Q2. For each function in the following tidyverse code, identify which arguments are quoted and which are evaluated.

library(dplyr)
library(ggplot2)

by_cyl <- mtcars %>%
  group_by(cyl) %>%
  summarise(mean = mean(mpg))

ggplot(by_cyl, aes(cyl, mean)) +
  geom_point()

A2. As seen in the answer for Q1., library() quotes its first argument:

library(dplyr)
library(ggplot2)

In the following code:

%>% (lazily) evaluates its argument
group_by() and summarise() quote their arguments

by_cyl <- mtcars %>%
  group_by(cyl) %>%
  summarise(mean = mean(mpg))

In the following code:

ggplot() evaluates the data argument
aes() quotes its arguments

ggplot(by_cyl, aes(cyl, mean)) +
  geom_point()

19.2 Quoting (Exercises 19.3.6)

Q1. How is expr() implemented? Look at its source code.

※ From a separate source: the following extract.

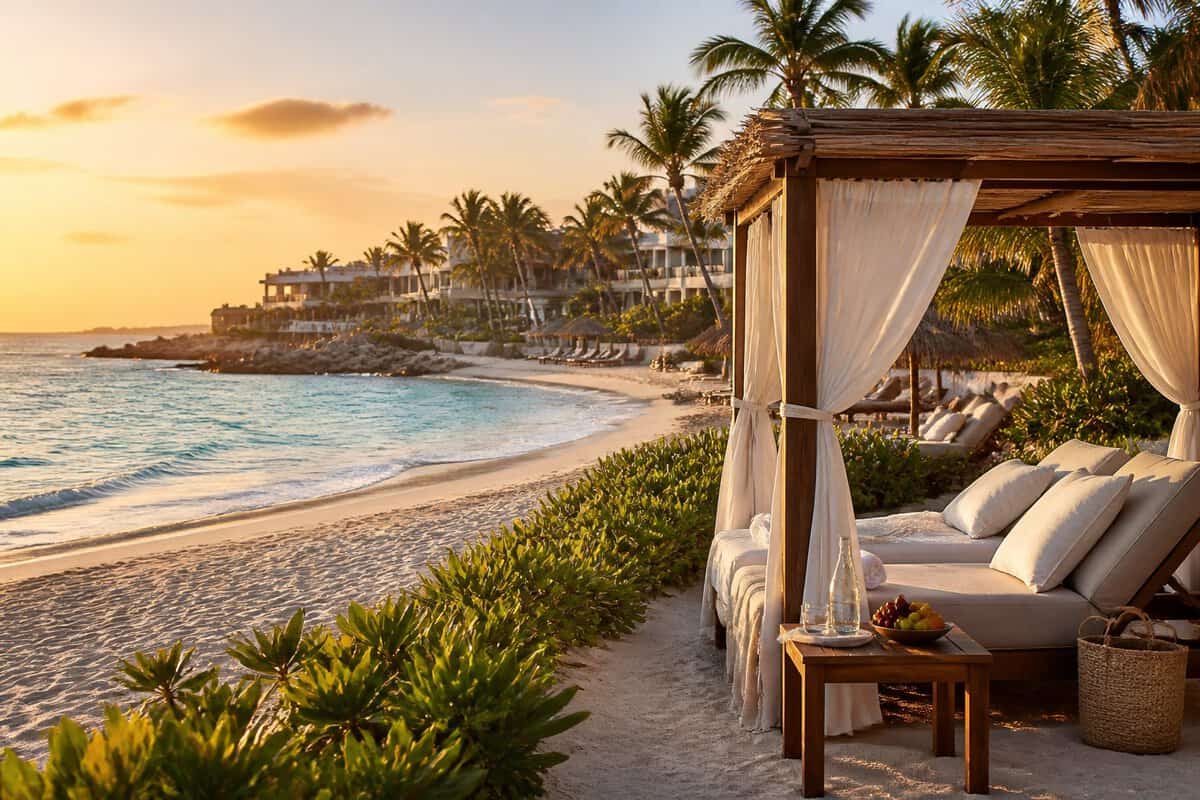 A luxurious beachfront resort with a private cabana, palm trees, white sand, and turquoise water at sunset.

A1. Looking at the source code, we can see that expr() is a simple wrapper around enexpr(), and captures and returns the user-entered expressions:

rlang::expr
#> function (expr) 
#> {
#>     enexpr(expr)
#> }
#> <bytecode: 0x562a203a67b8>
#> <environment: namespace:rlang>

For example:

x <- expr(x <- 1)
x
#> x <- 1

In its turn, enexpr() calls native code:

rlang::enexpr
#> function (arg) 
#> {
#>     .Call(ffi_enexpr, substitute(arg), parent.frame())
#> }
#> <bytecode: 0x562a1bfabcf8>
#> <environment: namespace:rlang>

Q2. Compare and contrast the following two functions. Can you predict the output before running them?

f1 <- function(x, y) {
  exprs(x = x, y = y)
}
f2 <- function(x, y) {
  enexprs(x = x, y = y)
}
f1(a + b, c + d)
f2(a + b, c + d)

A2. The exprs() captures and returns the expressions specified by the developer instead of their values:

f1 <- function(x, y) {
  exprs(x = x, y = y)
}

f1(a + b, c + d)
#> $x
#> x
#> 
#> $y
#> y

On the other hand, enexprs() captures the user-entered expressions and returns their values:

f2 <- function(x, y) {
  enexprs(x = x, y = y)
}

f2(a + b, c + d)
#> $x
#> a + b
#> 
#> $y
#> c + d

Q3. What happens if you try to use enexpr() with an expression (i.e. enexpr(x + y)? What happens if enexpr() is passed a missing argument?

A3. If you try to use enexpr() with an expression, it fails because it works only with symbol.

enexpr(x + y)
#> Error in `enexpr()`:
#> ! `arg` must be a symbol

If enexpr() is passed a missing argument, it returns a missing argument:

arg <- missing_arg()

enexpr(arg)


is_missing(enexpr(arg))
#> [1] TRUE

Q4. How are exprs(a) and exprs(a = ) different? Think about both the input and the output.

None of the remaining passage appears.